| Data extracts |
»»
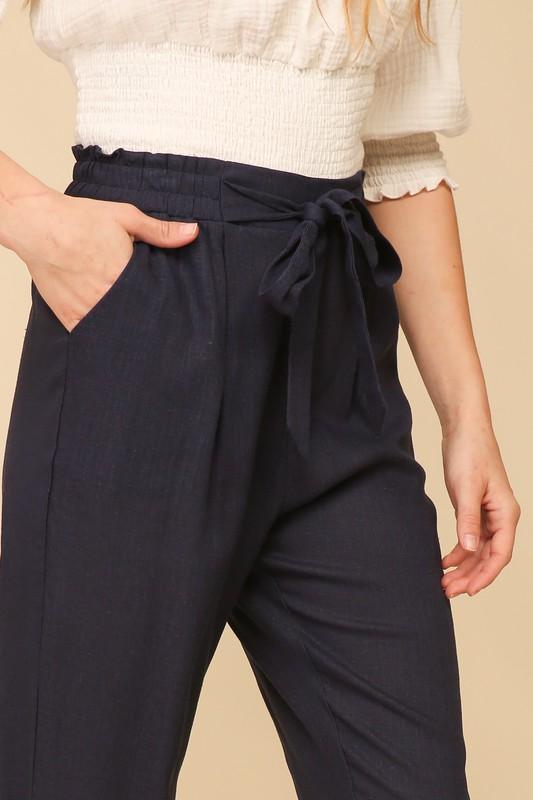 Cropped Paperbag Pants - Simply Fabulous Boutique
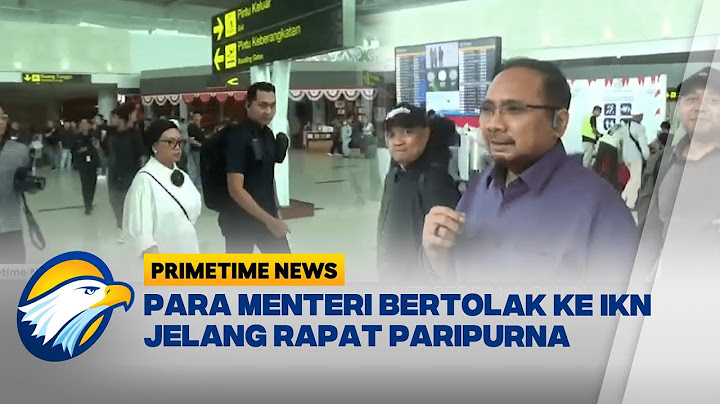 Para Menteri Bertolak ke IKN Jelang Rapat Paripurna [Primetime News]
««
»»
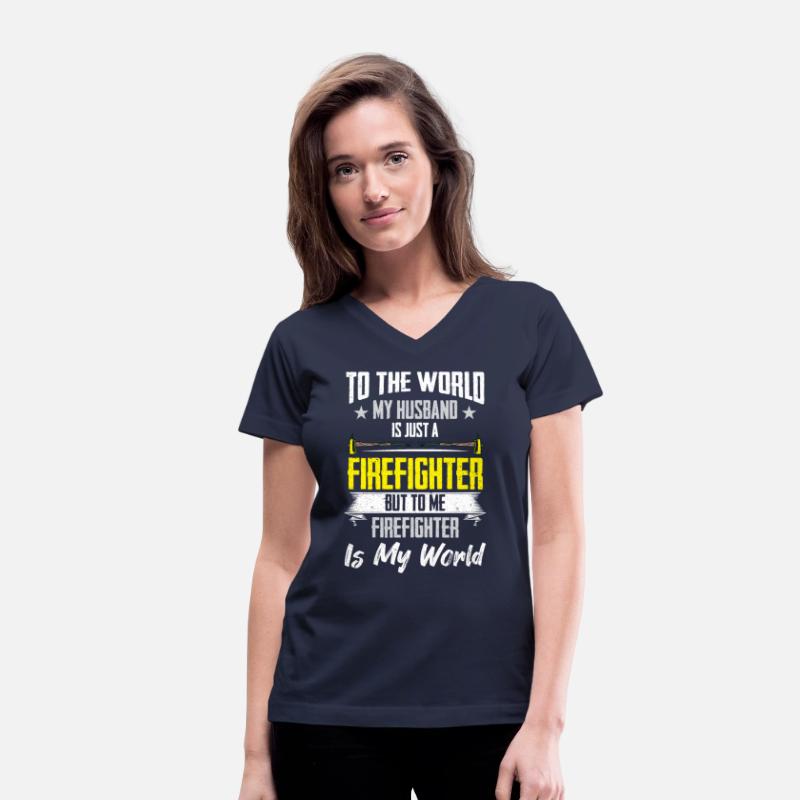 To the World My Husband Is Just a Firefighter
««
| What to work on |
Above, find the line holding "Cropped Paperbag Pants" and the line holding "Para Menteri Bertolak". Print exactly those two lines and every line between them, but no pictures.

| Task output |
 Cropped Paperbag Pants - Simply Fabulous Boutique
 Para Menteri Bertolak ke IKN Jelang Rapat Paripurna [Primetime News]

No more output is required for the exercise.